- [WHAT YOU WILL DO]
Extract each line of the data below exactly as written.

- [DATA]
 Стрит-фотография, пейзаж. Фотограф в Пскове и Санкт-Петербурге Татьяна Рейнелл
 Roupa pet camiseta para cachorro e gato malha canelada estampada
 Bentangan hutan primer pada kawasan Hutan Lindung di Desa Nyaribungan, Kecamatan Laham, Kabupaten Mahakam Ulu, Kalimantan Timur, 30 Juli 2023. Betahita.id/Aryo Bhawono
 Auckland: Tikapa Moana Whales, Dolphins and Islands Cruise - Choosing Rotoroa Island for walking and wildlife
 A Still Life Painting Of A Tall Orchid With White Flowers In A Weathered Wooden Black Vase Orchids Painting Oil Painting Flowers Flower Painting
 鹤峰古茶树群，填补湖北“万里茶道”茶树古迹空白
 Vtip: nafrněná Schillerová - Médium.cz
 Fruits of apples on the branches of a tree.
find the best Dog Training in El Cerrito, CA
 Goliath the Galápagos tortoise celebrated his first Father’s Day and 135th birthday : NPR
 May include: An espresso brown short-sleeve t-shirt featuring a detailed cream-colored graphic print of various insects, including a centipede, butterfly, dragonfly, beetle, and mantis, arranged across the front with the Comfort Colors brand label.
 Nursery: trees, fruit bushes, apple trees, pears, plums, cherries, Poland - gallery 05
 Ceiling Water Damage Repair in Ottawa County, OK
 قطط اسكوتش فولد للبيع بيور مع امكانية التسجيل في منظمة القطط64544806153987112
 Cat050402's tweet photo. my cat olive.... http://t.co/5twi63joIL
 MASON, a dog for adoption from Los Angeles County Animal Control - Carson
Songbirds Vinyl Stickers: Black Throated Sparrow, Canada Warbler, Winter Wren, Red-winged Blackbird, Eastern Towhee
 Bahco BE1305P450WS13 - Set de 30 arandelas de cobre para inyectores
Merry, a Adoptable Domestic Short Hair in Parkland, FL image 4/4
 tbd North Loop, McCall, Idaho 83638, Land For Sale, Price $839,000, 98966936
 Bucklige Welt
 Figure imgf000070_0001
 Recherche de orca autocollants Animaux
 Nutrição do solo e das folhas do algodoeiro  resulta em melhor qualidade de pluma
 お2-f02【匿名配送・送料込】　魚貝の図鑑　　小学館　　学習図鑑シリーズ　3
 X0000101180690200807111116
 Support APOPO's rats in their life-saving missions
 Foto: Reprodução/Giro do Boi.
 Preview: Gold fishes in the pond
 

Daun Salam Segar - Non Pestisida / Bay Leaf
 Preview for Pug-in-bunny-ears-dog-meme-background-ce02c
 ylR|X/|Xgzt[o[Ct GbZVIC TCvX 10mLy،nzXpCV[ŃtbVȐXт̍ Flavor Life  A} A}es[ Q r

- [OUTPUT FOR THIS EXERCISE]
 Стрит-фотография, пейзаж. Фотограф в Пскове и Санкт-Петербурге Татьяна Рейнелл
 Roupa pet camiseta para cachorro e gato malha canelada estampada
 Bentangan hutan primer pada kawasan Hutan Lindung di Desa Nyaribungan, Kecamatan Laham, Kabupaten Mahakam Ulu, Kalimantan Timur, 30 Juli 2023. Betahita.id/Aryo Bhawono
 Auckland: Tikapa Moana Whales, Dolphins and Islands Cruise - Choosing Rotoroa Island for walking and wildlife
 A Still Life Painting Of A Tall Orchid With White Flowers In A Weathered Wooden Black Vase Orchids Painting Oil Painting Flowers Flower Painting
 鹤峰古茶树群，填补湖北“万里茶道”茶树古迹空白
 Vtip: nafrněná Schillerová - Médium.cz
 Fruits of apples on the branches of a tree.
find the best Dog Training in El Cerrito, CA
 Goliath the Galápagos tortoise celebrated his first Father’s Day and 135th birthday : NPR
 May include: An espresso brown short-sleeve t-shirt featuring a detailed cream-colored graphic print of various insects, including a centipede, butterfly, dragonfly, beetle, and mantis, arranged across the front with the Comfort Colors brand label.
 Nursery: trees, fruit bushes, apple trees, pears, plums, cherries, Poland - gallery 05
 Ceiling Water Damage Repair in Ottawa County, OK
 قطط اسكوتش فولد للبيع بيور مع امكانية التسجيل في منظمة القطط64544806153987112
 Cat050402's tweet photo. my cat olive.... http://t.co/5twi63joIL
 MASON, a dog for adoption from Los Angeles County Animal Control - Carson
Songbirds Vinyl Stickers: Black Throated Sparrow, Canada Warbler, Winter Wren, Red-winged Blackbird, Eastern Towhee
 Bahco BE1305P450WS13 - Set de 30 arandelas de cobre para inyectores
Merry, a Adoptable Domestic Short Hair in Parkland, FL image 4/4
 tbd North Loop, McCall, Idaho 83638, Land For Sale, Price $839,000, 98966936
 Bucklige Welt
 Figure imgf000070_0001
 Recherche de orca autocollants Animaux
 Nutrição do solo e das folhas do algodoeiro  resulta em melhor qualidade de pluma
 お2-f02【匿名配送・送料込】　魚貝の図鑑　　小学館　　学習図鑑シリーズ　3
 X0000101180690200807111116
 Support APOPO's rats in their life-saving missions
 Foto: Reprodução/Giro do Boi.
 Preview: Gold fishes in the pond
 

Daun Salam Segar - Non Pestisida / Bay Leaf
 Preview for Pug-in-bunny-ears-dog-meme-background-ce02c
 ylR|X/|Xgzt[o[Ct GbZVIC TCvX 10mLy،nzXpCV[ŃtbVȐXт̍ Flavor Life  A} A}es[ Q r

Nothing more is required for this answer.